--- DATA EXTRACTS ---
* * *
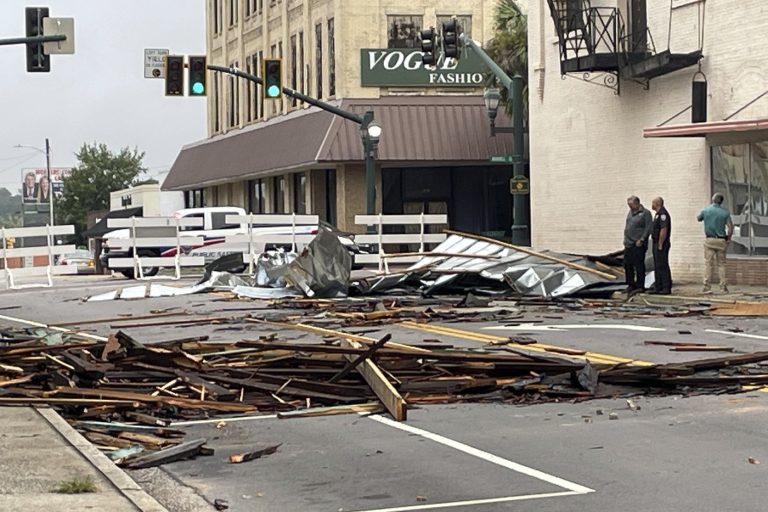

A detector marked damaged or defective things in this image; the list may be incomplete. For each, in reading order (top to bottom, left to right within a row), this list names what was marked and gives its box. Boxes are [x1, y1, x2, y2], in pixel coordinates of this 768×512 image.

splintered wood beam [338, 340, 404, 420]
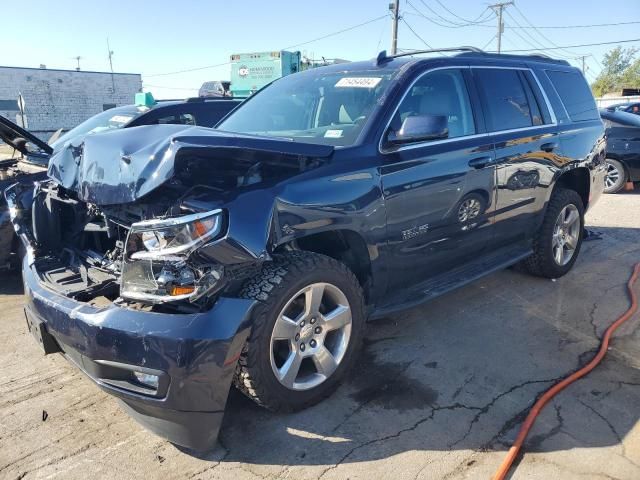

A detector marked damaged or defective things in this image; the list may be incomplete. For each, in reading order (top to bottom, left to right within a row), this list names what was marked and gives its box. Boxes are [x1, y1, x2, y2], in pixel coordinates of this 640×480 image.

crumpled hood [48, 124, 336, 204]
broken headlight [122, 208, 225, 302]
exposed headlight assembly [122, 211, 225, 302]
cracked pavement [1, 189, 640, 478]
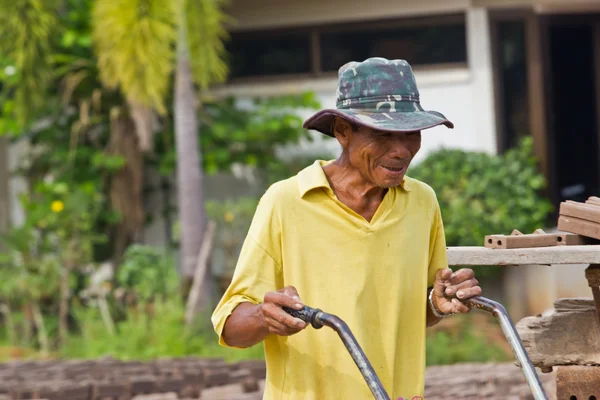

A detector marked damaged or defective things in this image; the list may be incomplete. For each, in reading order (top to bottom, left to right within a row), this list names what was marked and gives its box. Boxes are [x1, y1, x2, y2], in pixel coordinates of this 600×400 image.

rusty metal rod [284, 304, 392, 398]
rusty metal rod [468, 296, 548, 400]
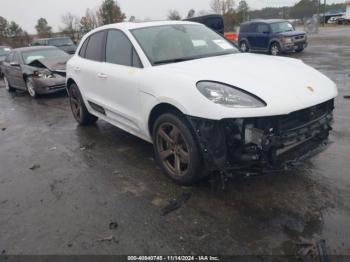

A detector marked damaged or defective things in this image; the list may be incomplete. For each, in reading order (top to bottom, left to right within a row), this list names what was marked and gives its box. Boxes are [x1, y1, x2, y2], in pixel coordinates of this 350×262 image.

damaged sedan front [2, 45, 69, 97]
broken headlight [197, 81, 266, 107]
damaged front bumper [187, 99, 334, 175]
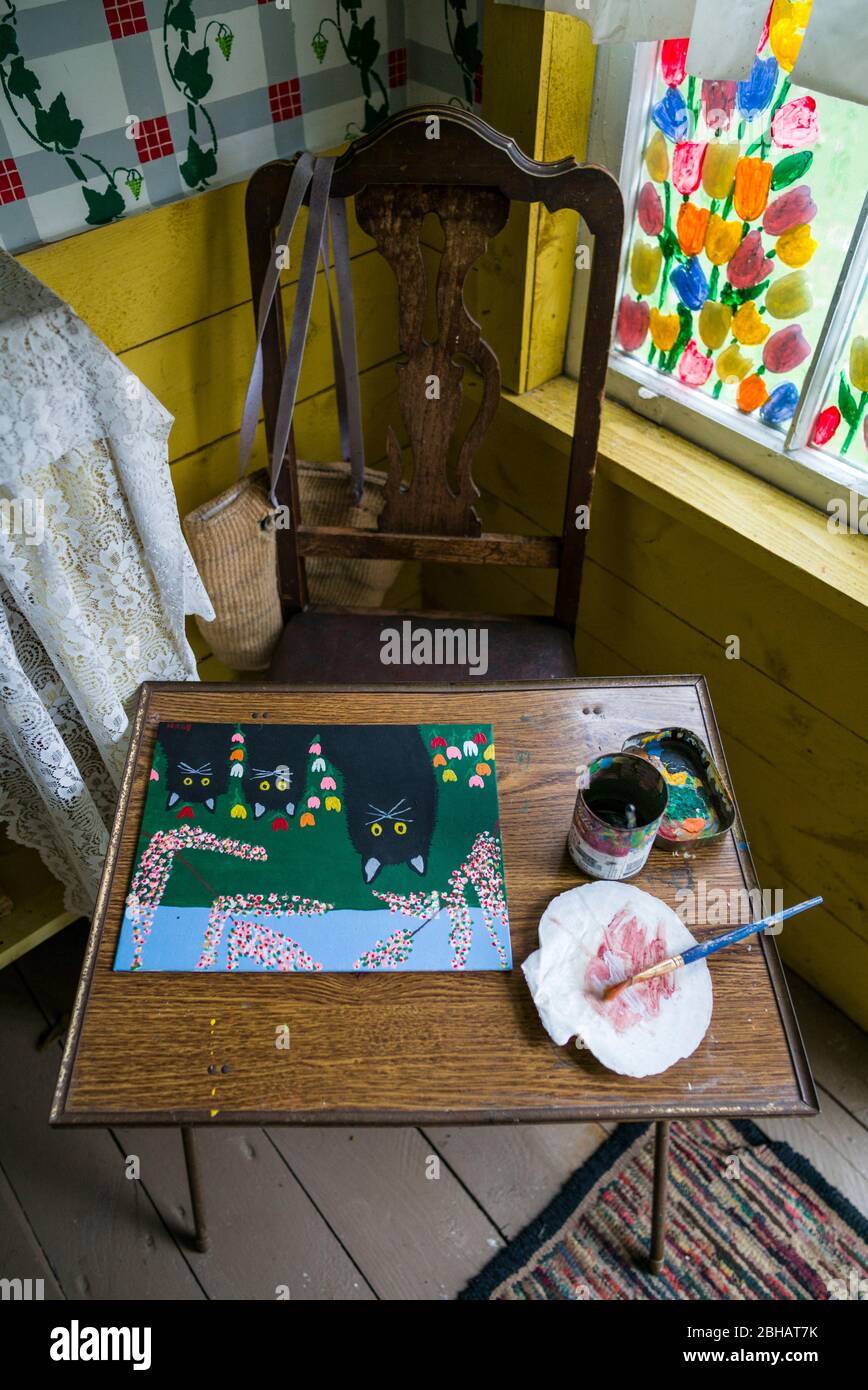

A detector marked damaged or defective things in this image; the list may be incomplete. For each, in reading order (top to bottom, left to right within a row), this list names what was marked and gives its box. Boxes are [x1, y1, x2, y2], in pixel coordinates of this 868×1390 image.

rusty tin can [567, 750, 667, 878]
* * *
--- ACTIVITY ---
Write out again, exactly as they appear above, the lines from the one containing "this 868×1390 image." to the final line, and only those.

--- RESPONSE FOR THIS EXERCISE ---
A detector marked damaged or defective things in this image; the list may be incomplete. For each, in reading order (top to bottom, left to right within a row), this list names what was marked and gives its box. Boxes are [x1, y1, x2, y2], in pixel coordinates of this 868×1390 image.

rusty tin can [567, 750, 667, 878]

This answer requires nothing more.